Pre-Move Planning Pre-move planning is critical for making your move both successful and enjoyable. Consider the following one month prior to your departure for Canada:

Sell or get rid of unnecessary belongings. 
Get estimates from shipping companies. Decide on the shipping method to suit your needs, timeframes and budget. 
Get estimates for pet shipping services. An air-worthy animal crate will need to be ordered and is custom built to your pet’s specific measurements. Each airline has a different policy on the transportation of live animals. Contact your airline of choice directly for costs/regulations/shipping requirements for your pet. 
Gather up all of the required documentation you will need on landing in Canada and within the first few weeks after your arrival. 
Know where you are going! Canada is an immense country, being the second largest country in the world. Many newcomers are not familiar with the geography of Canada and do not have a true appreciation of its vast size and the diversity of its people, its landscape and its climate from coast to coast. When you are choosing your settlement destination, decide whether the following factors, such as strength of the local job market, cost of living, access to affordable housing, weather patterns and basing your decision on arbitrary factors. Your choice of destination can have an enormous impact on the success of your settlement and your future in Canada. Find out about at least three Canadian destinations and research the areas in detail before choosing where to finally settle. Look for destinations that will benefit you and will fit into your type of lifestyle.

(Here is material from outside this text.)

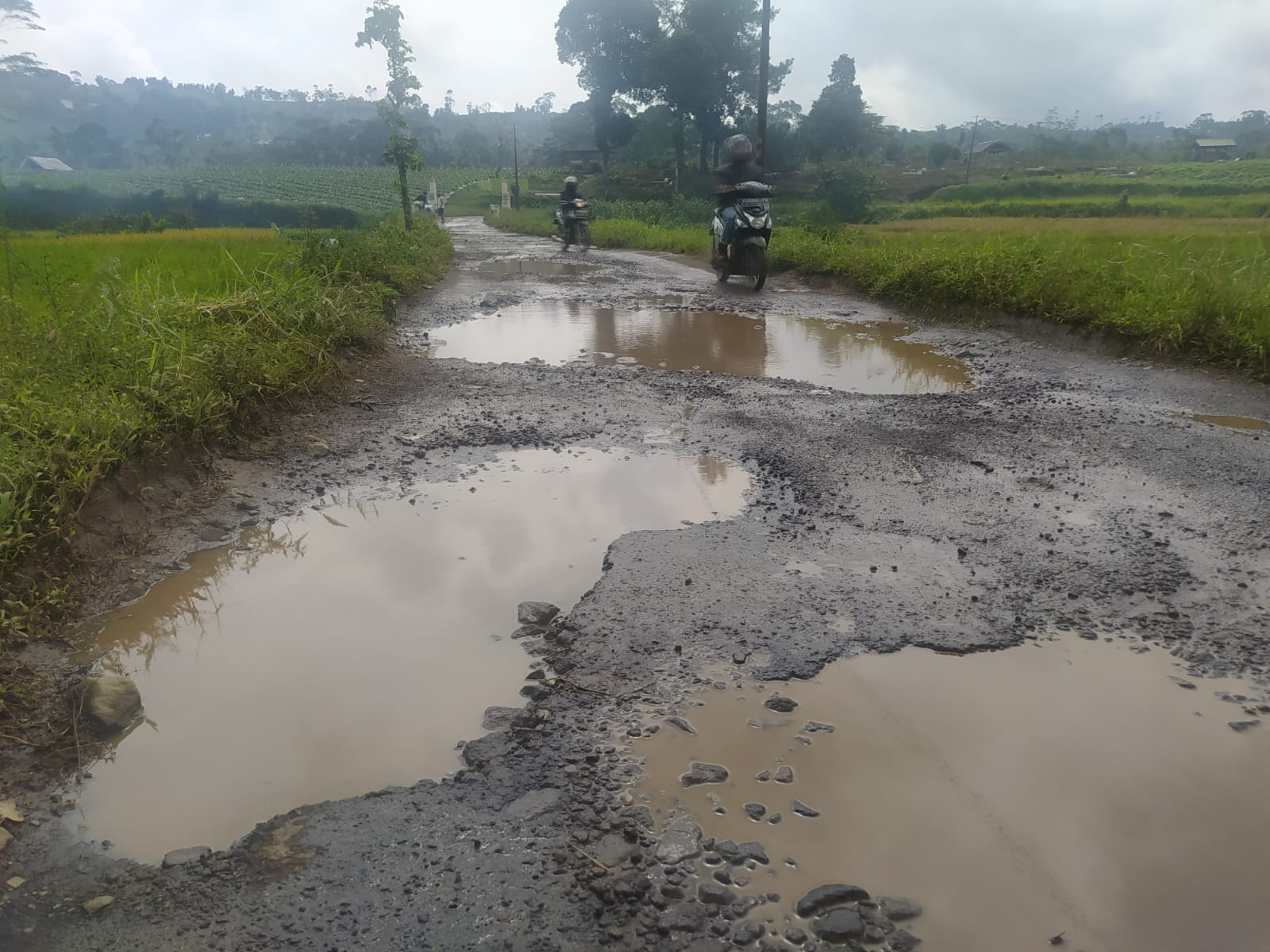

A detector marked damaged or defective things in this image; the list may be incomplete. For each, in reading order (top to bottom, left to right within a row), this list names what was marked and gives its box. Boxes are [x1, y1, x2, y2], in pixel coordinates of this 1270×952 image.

Waiting for visas! While your visa application is being processed, you will have lots of spare time. Canada is a bilingual country, having French and English as there two languages. If possible, take classes or work with a tutor to improve your speaking and listening skills to make you feel at home.

Do you speak the language? One of the most important skills is adapting to the language. Learning the languages of Canada (English or French) is key in order to be socially active, and more successful in finding jobs, and communicating with people. 

Choose your moving date wisely! Canada is a place where you need to be precise when choose your moving date. Moving to Canada in the winter can present a number of problems. Winters in many parts can be very severe with snow for months at a time and temperatures as low as -40 degrees. Arriving during these harsh conditions just adds further stress to you and your family. If you must move during the winter months because of your visas, at least make sure you have pre-arranged accommodation and some reliable transportation available for your arrival.

Have a quick look! Take an exploratory trip prior to moving (if possible)! This will familiarize you with the environment and give you a better understanding of whether Canada is the place for you. It may also give you an opportunity to meet with some potential employers to drop off your resume ahead of your permanent move.

Don’t bank on it! Consider leaving your bank account and visa account in your country of origin open for the first few months after you arrive in Canada. Wait until you become established with banking and credit in your new location before closing out these old accounts. As soon as you arrive, visit your local bank manager, introduce yourself, explain your needs and build a relationship from day one. Open a bank account and apply for a credit card.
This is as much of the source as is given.